I wrote this reflection on May 9, 2018, in Marshall, North Carolina while at a Presence-Based Coaching Conference at the Bend of Ivy Lodge. Sitting alone on rocks nestled on the edge of the Ivy River with a view of the Blue Ridge Mountains, I reflected on life, work, love, play, and relationships. I grew uneasy as tasks at home and work invaded my private space. I had left home in a frenzy – unfinished class project, hurried visits, rushed final lesson plans, paper grading, lost and found cell phone, and a fuzzy sense of purpose –  all buried in extensive to-do lists.

I pulled out my journal and wrote the following:

I Ionged for this time alone ninety minutes ago. Now I am restless. So much to do. What? Nothing now. Just be here in this gorgeous place full of rich history and natural beauty.

I am hungry. My butt hurts. Time to move. Time to shift.

Is this what my life would be without work? Would I lose purpose? Would I doze in the afternoon? Is that okay?

Structure and flexibility –  life’s polarities. I dance within this flow. I just need to find a bit more space. 
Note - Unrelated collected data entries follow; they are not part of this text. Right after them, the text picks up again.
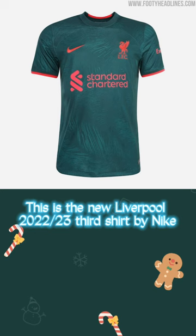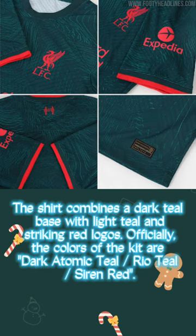This is the new Liverpool 2022/23 third shirt by Nike. The shirt combines a dark teal face with light teal and striking red logos. Officially, the colors of the kit are dark atomic teal, Rio teal, and siren red.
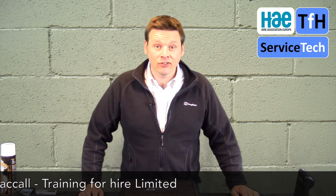Hi, I'm Jim from Training for Hire. What we're looking at today is thorough examination and test of dust extractors.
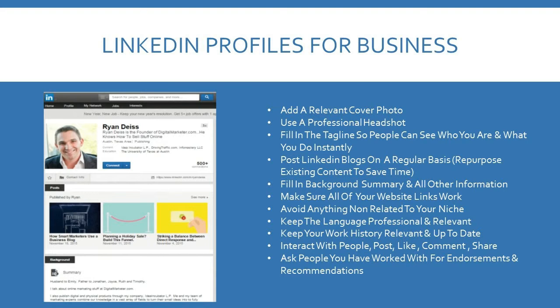In your LinkedIn profile, have a really good clear headshot and use a relevant cover profile picture. Fill in the tagline so people can see who you are and what you do immediately. Make sure you post a blog on a regular basis. Use existing content to save time, fill in all of the individual sections, and make sure you keep it up to date.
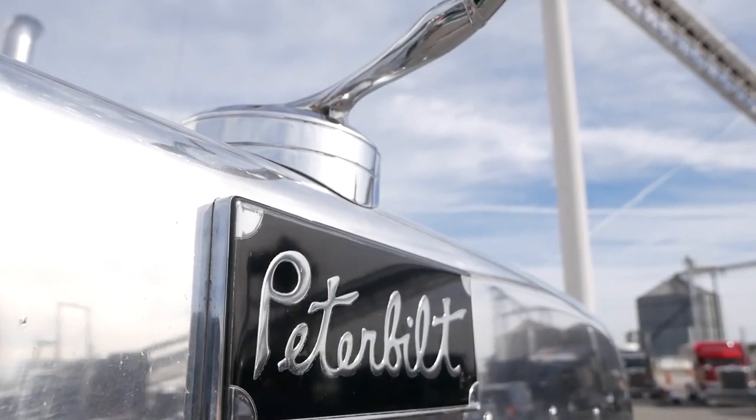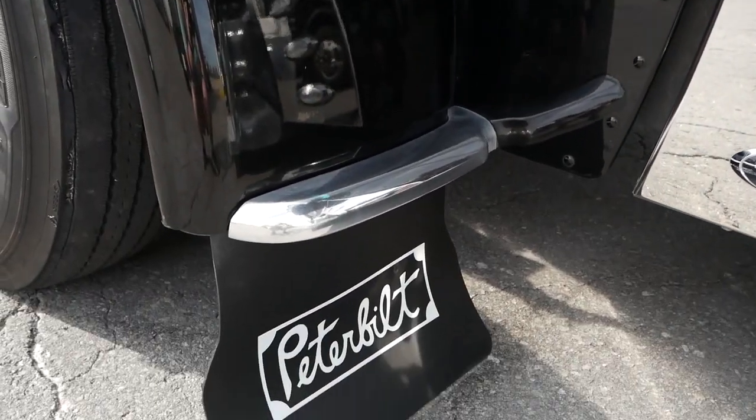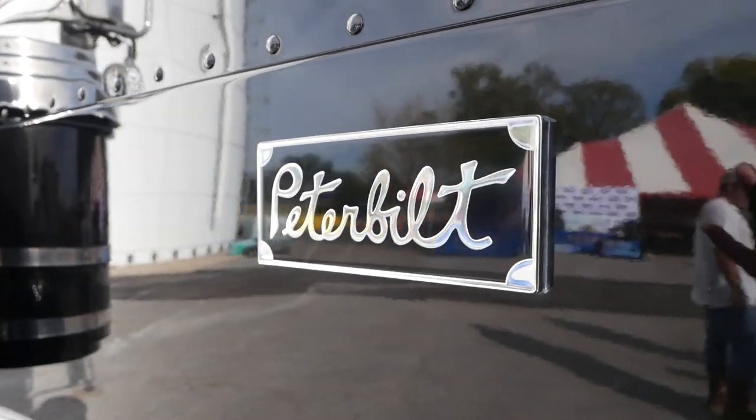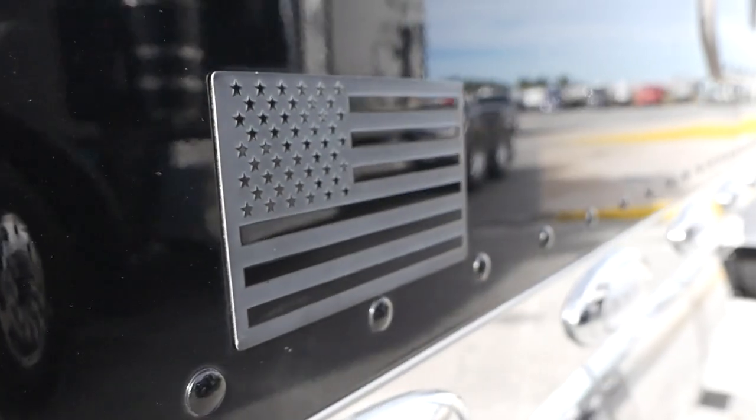It's a 2021 389 Peak. It's got a 565 Cummins, 18-speed transmission, air ride front end. My color is legendary black and frame color is tropical turquoise. We named it the Pearl.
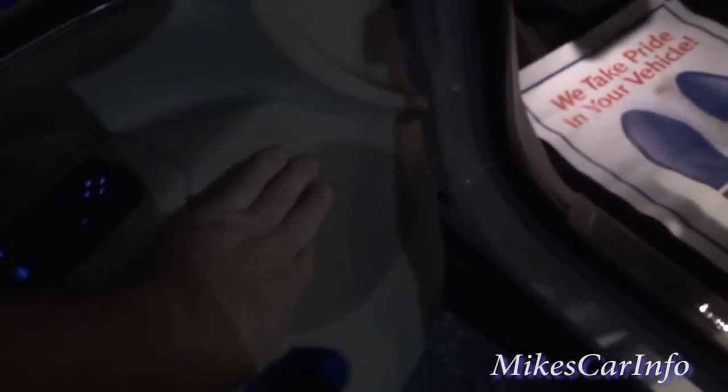We've got two speakers on each door — one little one up here, one big one — so that's four. There's one on each door in the back, that's six. Then there are speakers on that side and on this side, that's eight. And then the subwoofer here is the ninth speaker. Let's see what it sounds like.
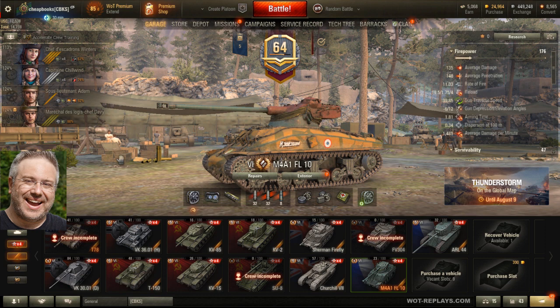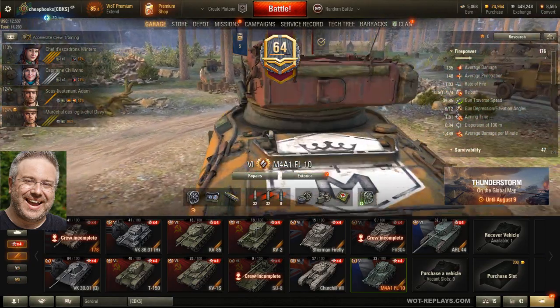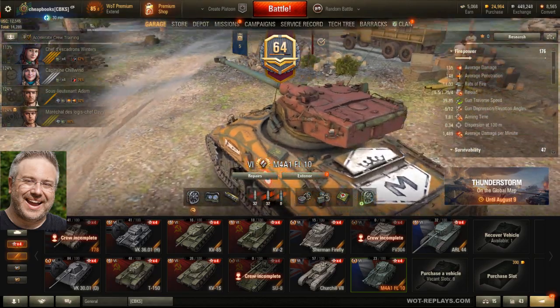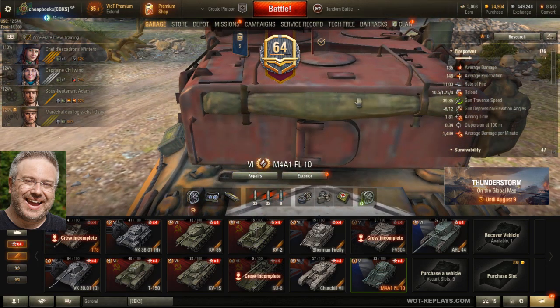So they take all of these factors into account, and when they create the tank, they make the decision: do they want to put the autoloader in it or not? For example, you've got this vehicle. This is an autoloader — obviously, it's a perfect design. But look at what you got over here. What do you think this little round thing in the back is? You notice it's about the size of a shell.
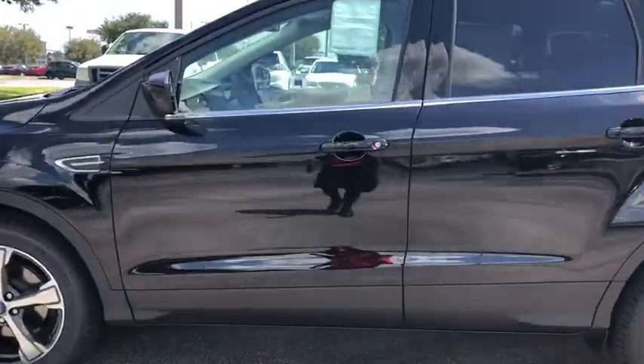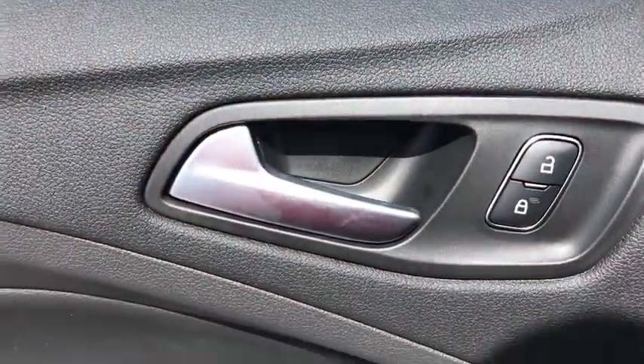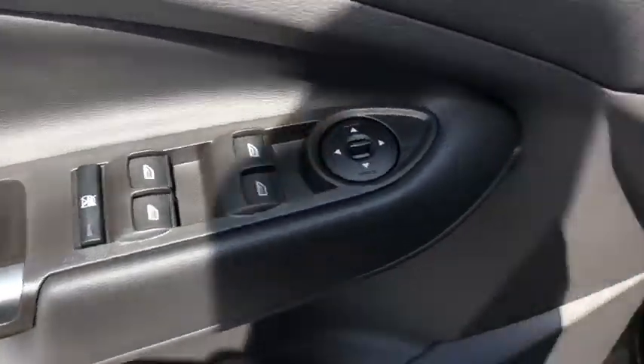Heated driver's seat, trip computer, power door locks, compass, tachometer, cargo mat, leather seats, airbags, heated passenger seat, head-up display, power heated outside mirrors, rear spoiler.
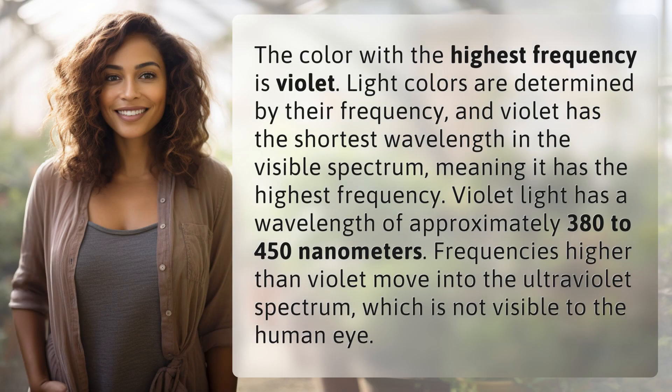The color with the highest frequency is violet. Light colors are determined by their frequency, and violet has the shortest wavelength in the visible spectrum, meaning it has the highest frequency.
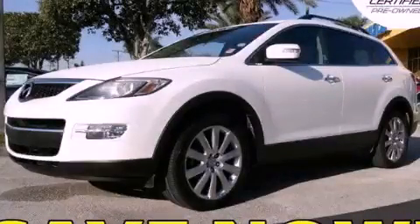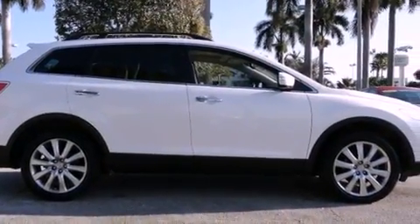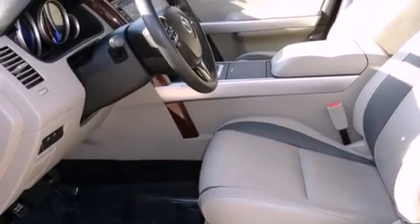This is a certified pre-owned 2009 Mazda CX-9, functional utility for a modern lifestyle. It has a six-cylinder engine and an automatic transmission. All of the following features are included.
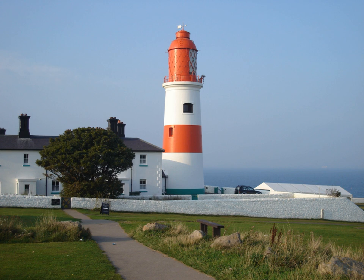Some four miles or so to the north of the mouth of the Tyne is a sister Victorian lighthouse, St. Mary's Lighthouse, on St. Mary's Island. This has now been decommissioned, but is open to visitors. St. Mary's Lighthouse can be seen with the naked eye from the top of Souter Lighthouse.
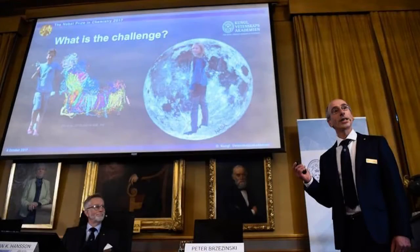Jacques Dubachet, Joachim Frank and Richard Henderson will share the 9 million kronor prize. They were named at a press conference in Stockholm, Sweden.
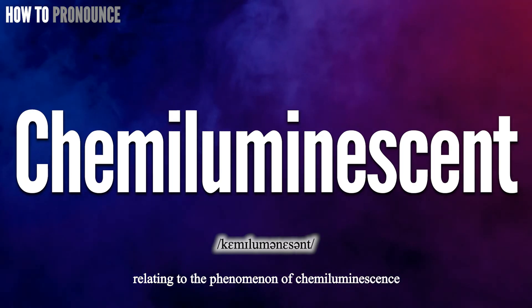Okay! Did you get it? Let me know in the comment. Chemiluminescent.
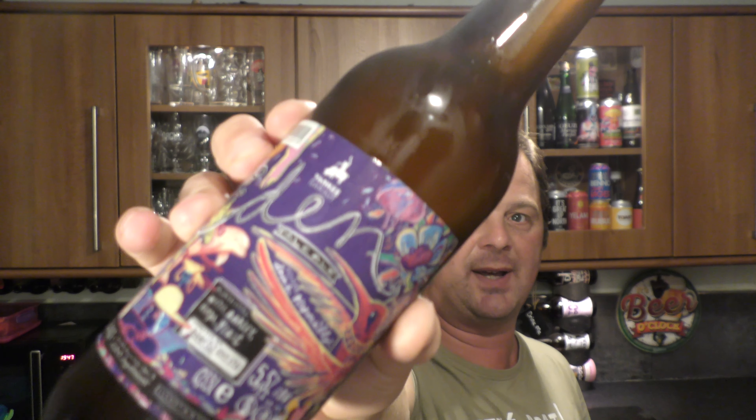It's beer o'clock on Real Ale Craft Beer. Today we've got a beer from Yankee and Kraut. It's a bottle of the Eden Pale Ale coming in at 5.5% ABV.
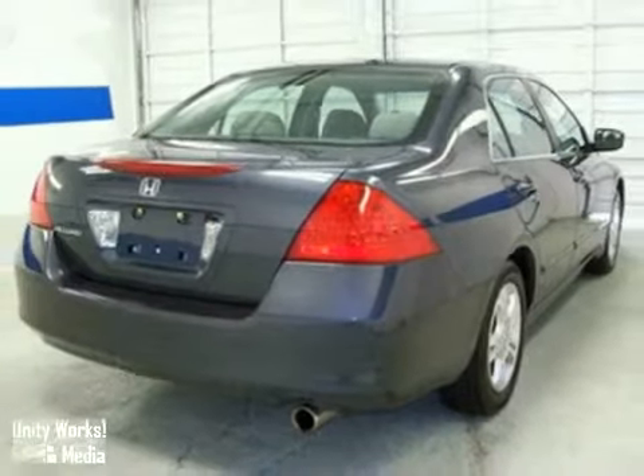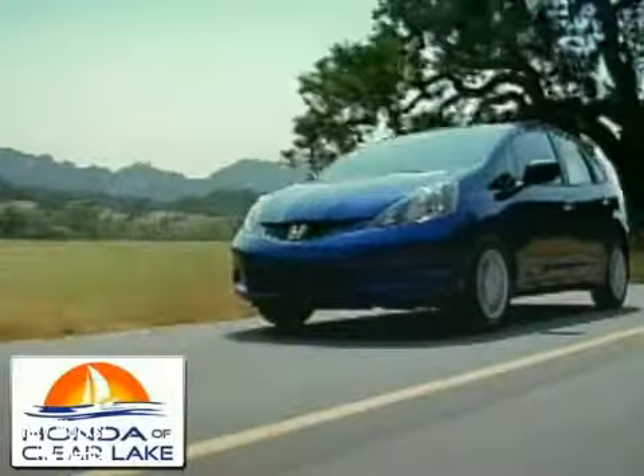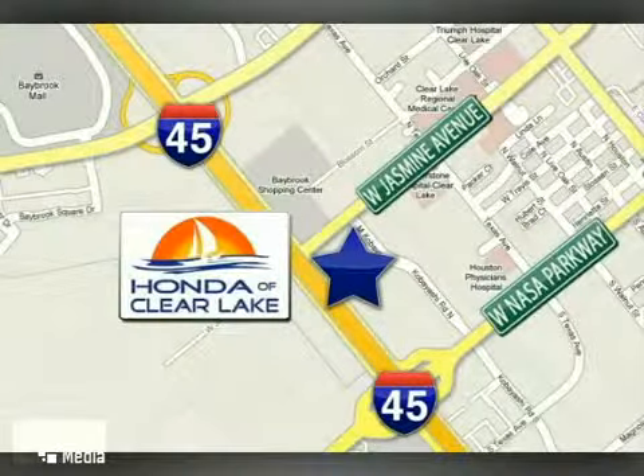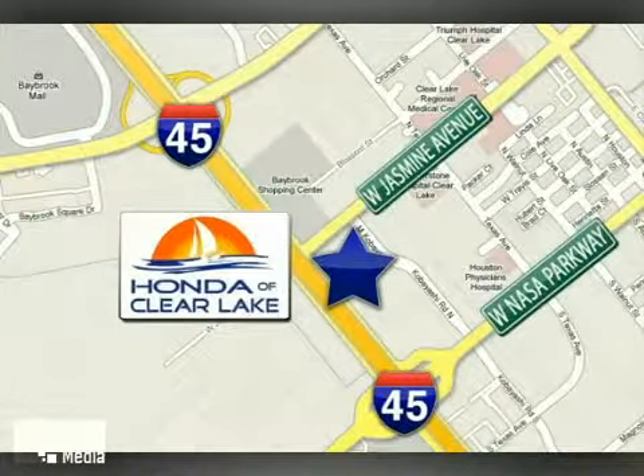Come on out and take it for a test drive. Honda of Clear Lake has delivered the best selection, the best service, and the best experience. We're conveniently located at 20233 Gulf Freeway in Houston.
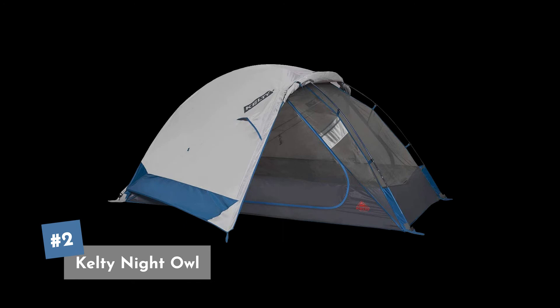Coming in at our number two spot is the Kelty Night Owl. This is a really cool tent — it kind of has an elongated design to it. This is the two-person version you're looking at; that one weighs in at about five and a half pounds, so great for packing up and taking on a hike. This one also comes in a three-person and a four-person version.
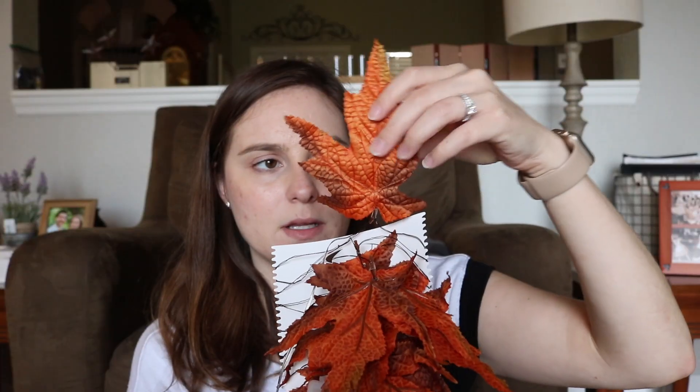Now moving on to Pier 1 Imports — I got three things. The first is a maple leaf Glimmer Strings decoration. This is apparently on clearance now, but it was not on clearance when I purchased it. It's apparently not available anymore, so I'm sorry if this is something you wanted. The price was $29.99, however I did not purchase it at that price — I got it on sale.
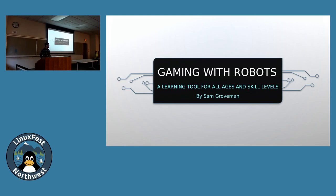I'm Sam, and I'll be talking to you about using project-based learning, specifically a game with robots, to help people learn about code and computer systems in a directed and scaffolded way.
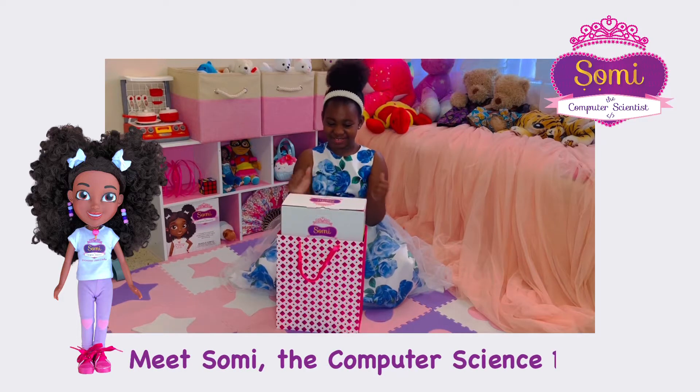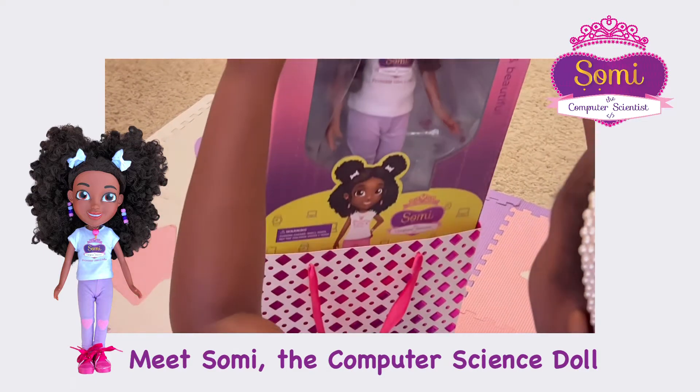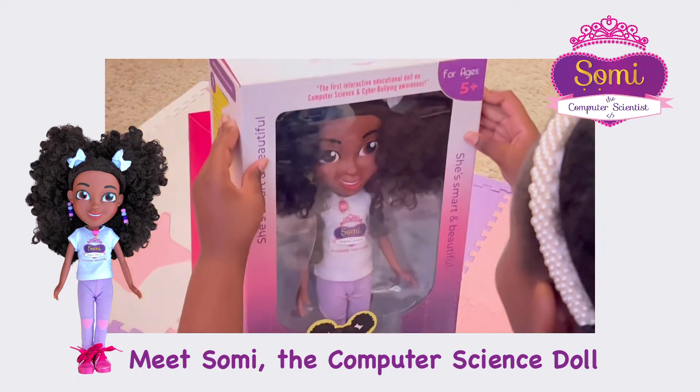Meet Shami, the computer scientist STEM doll. She's on a mission to spark the interest of a child to pursue a STEM field and to boost their confidence.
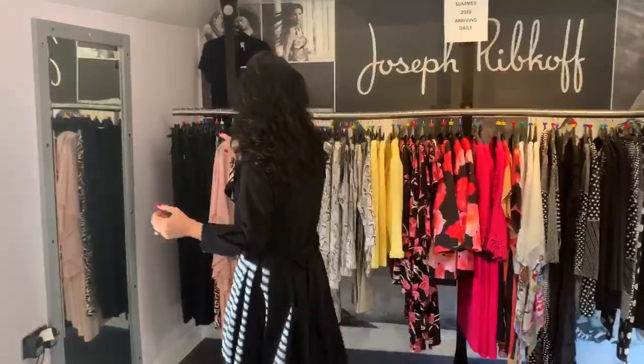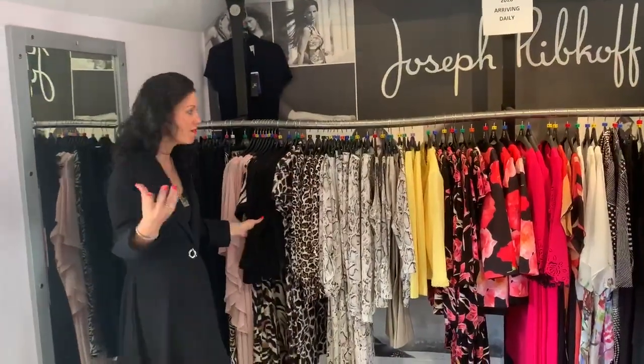Hi from Panita. I'm in our Joseph Ripkoff department, which is boasting with colours and prints. We love it. We have a little bit of animal print, so you can go wild at Panita. We're loving it.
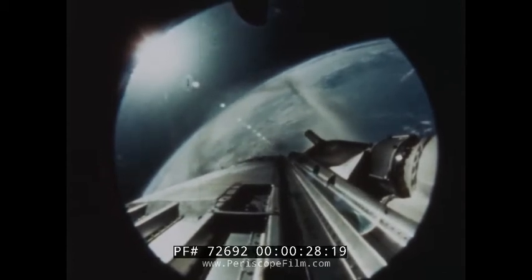Fifty miles above our Earth, a motion picture camera records another in a continuing series of space achievements.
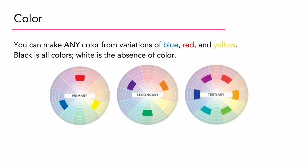Now we're going to talk about color. If you're going to use color, you need to be aware of the color wheel and know how the relationships all work together. Any color comes from variations of mixing blue, red, and yellow — the primary colors. Black is all colors combined together, so the darker a color is, the more colors have been combined to make it.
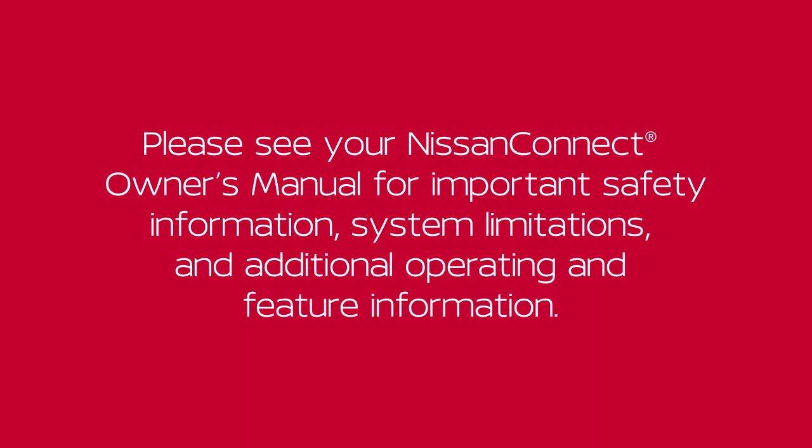Please see your Nissan Connect Owner's Manual for important safety information, system limitations, and additional operating and feature information.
Then I brainstormed a list of ways to change, rearrange, explore. Yoga after work instead of before. Get up earlier. Chat less. Make intentional choices. Then I looked at the Ivy River and wrote this poem:

The Ivy River – Marshall, North Carolina

“Water – tumbling over rocks, repeated patterns of Light and life – graciously unsure of its destination. 

Bubbling, dipping downstream, fanciful flow greeting the air – open to new possibilities. 

Forging forward –  a community creating rhythms – reassurance,  serenity, hope.

Murmuring, ‘I have been here hundreds of thousands of years, resilient, ready for the unknown around the bend.’

Neighbors marvel – moss, mud, pebbles, stumps, sticks, stones – not trying to capture, remember, share, or like – just feeling and being, not wishing for a fellow witness.”

I am right in there with the moss and mud – learning from the Ivy River how to be. Those stumps, sticks, and stones teach a lesson, too.



Running as Transformative Space

As a solitary or social activity, running sparks transformation – it changes in the way I feel, but more importantly, it changes in the way I think. Others experience this miracle of presence through other means – photography, drawing, painting, biking, music, knitting, serving, swimming, gardening, cooking (I wish).

When our kids were young, running provided me with the time to see the world from their perspectives. When I could not figure out a child’s, especially a teenager’s, motivation, I would put on my Brooks and hit the streets. Out in the open air, different viewpoints would float by as I grasped at underlying meanings and discovered empathy. I’d take the time to remember what it felt like to want to be in charge of my life and to have a parent say “no.” My dad used to say, “We’ll see,” which frustrated because “We’ll see” almost always meant “no.” My dad was smart. He knew things take time to unfold, and that tough decisions often involve waiting and seeing.

I’ve learned to “see” new insights and explore caverns of clarity in the rhythm of steps and breath. “Aha” happens in silent space. When running with friends, the freedom of movement in our synchronous strides ensures security and non-judgment in the safety of “running talk.” The winding routes mimic the processing of our ideas and reactions, no matter how idealistic, wacky, or rudimentary. We work out our minds as we work out our bodies as we work out our purpose. Compassion and understanding resonate through the connection in meditative running, casual conversing. and soul searching.

I wish I could bottle the clarity, creativity, and gratitude I feel when I’m out there on the trails and roads.  When I run alone, I write in my head. Like my feet, the clarity is often fleeting – dissipated by the time I unlace my shoes and hustle into the shower to get to the reality of my day. What sustains me after each run is a sense of peace and wholeness. Just because it’s not recorded doesn’t mean it isn’t there. This month, I’m going to try to capture it in words. We’ll see.